What happens when you get down to the last bit? Do you end up with a mix of vapour and liquid? Could you then divert the vapour into a different vessel?

But that last little bit of product must go somewhere when it leaves you. Who is getting those dregs at the bottom? The producer?

Follow the commercial trail if you can.

Remember - More details = better answers
Also: If you get a response it's polite to respond to it.
 
LittleInch said:
I assume you are dealing with ambient temperature pressurised task cars?
Yes. I am talking about a conventional industrial LPG terminal. You will find one of them in all big ports.

LittleInch said:
The only way I can see easily is to vent the gas off and reliquify it.
This is the idea of the topic.

LittleInch said:
What's the motive force to get the liquid out? Pressure in the tank?
Tanks are unloaded by a compressor. A valve manifold provides rearrangement of compressor piping that way it can evacuate vapors from tank. But near vacuum is unacceptable because of risk of leaking.
Anyway evacuation by compressor can not provide sufficient emptying because of near adiabatic evaporation of LPG and some sorts of LPG do not evaporate during winter season.

LittleInch said:
What happens when you get down to the last bit? Do you end up with a mix of vapour and liquid?
After a tank is unloaded there is some vapors (compressed at 1-2 barg) and a liquified gas (into dead volume).

LittleInch said:
Could you then divert the vapour into a different vessel?
Only into flare or vent knockdown drum.

LittleInch said:
But that last little bit of product must go somewhere when it leaves you. Who is getting those dregs at the bottom? The producer?
A producer or a third party depressurizes tank, inspects, cleans, dries, inertes and certifies as ready for loading.
During depressuring the dead volume is vaporized and swept out to a flare or a vent stack. A producer does not weigh a rail tanks cars because of a rail scale can not provide so high proven weighing accuracy.

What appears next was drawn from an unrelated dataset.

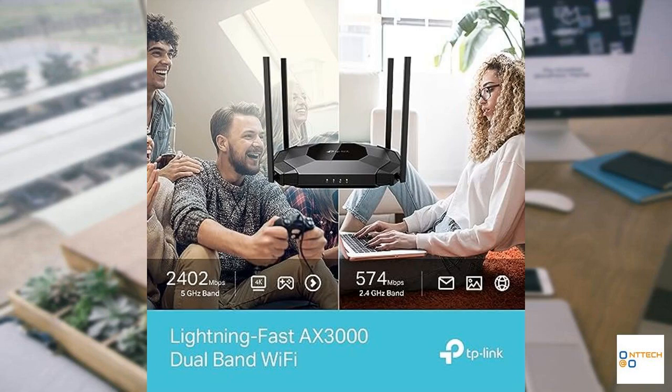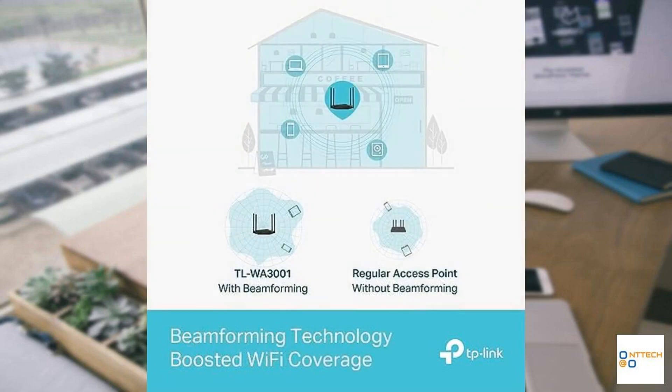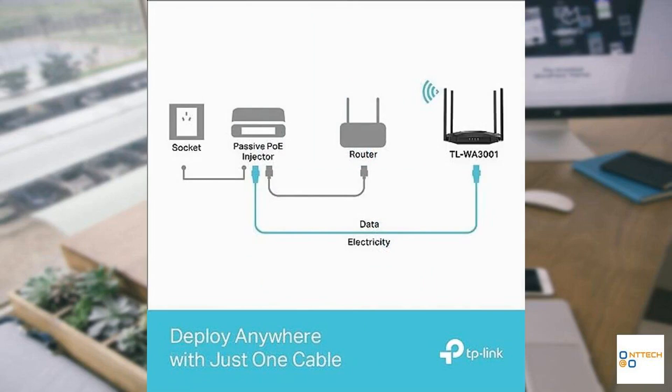Powering this device is simplified with passive PoE, eliminating conventional power adapters and reducing installation complexity. Users praise its intuitive setup process and robust performance, making it a reliable choice for uncompromised connectivity.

Moreover - keep in mind that usually there are other parties (exporter, importer, retailer, broker etc.) between producer and purchaser.
 
Here's the answer: Add bottom valves.

Since you won't do the math on figuring out how much energy will be required to vaporize that amount of LPG and compare that to the value of the LPG and the cost to add electrical heating features to the tank car, this will be the cheapest option.

Apparently it's 428000 J/kg or 428000 Watt-seconds/kg to vaporize LPG.

You have 1000 kg, so that's 120 kWatt-hours of energy.

How much does that cost? Probably $10 US.

LPG price ~$0.40/liter; density is roughly 0.5 kg/liter so you are looking at 2000 liters or $800.

Wow - that looks like a great idea. Definitely enough money to add heaters.

But then I wonder why electricity is not used near LPG handling operations.

You probably want this to happen in 5 minutes per tank, max. So you need to supply 1.4 MW of power into that volume. Of course a lot of that power will be conducted into the surrounding metal, so bump it to 2.0 MW power supply. Roughly 2000 Amperes at 1000 Volts will do fine. Per car, if they are being unloaded simultaneously.

Or you can add water to the tank to displace the LPG from the bottom and let the supplier do the cleaning; I'm sure water separation / dewatering is an available process step.

Or require shipment in cars that have bottom valves or trade the cars that are on hand for ones with bottom valves and not need to build a high-power delivery system in the middle of a potentially explosive situation in a petroleum gas handling facility.
 
I'm now more interested in who gave you this problem to solve. They clearly don't expect you to succeed as a simple calculation (what engineers do) shows that it is impractical.

The water is only used during the emptying process - you assured me the LPG supplier emptied and cleaned the tank. If that is not actually true then that's a rule change.

It cannot be against industry practice. The company you took the image from makes bottom feed/bottom drain equipment for LPG.

If you have an engineering calculation then it can be checked to see if it is right. I found a company that makes LPG vaporizers - their 500 kg/hour unit takes 63 kWs which translates to 126 kW-hr per 1000 kg; very close to what I calculated.

Do the work, show your work. Maybe you are in Russia? Yeah, I already know that.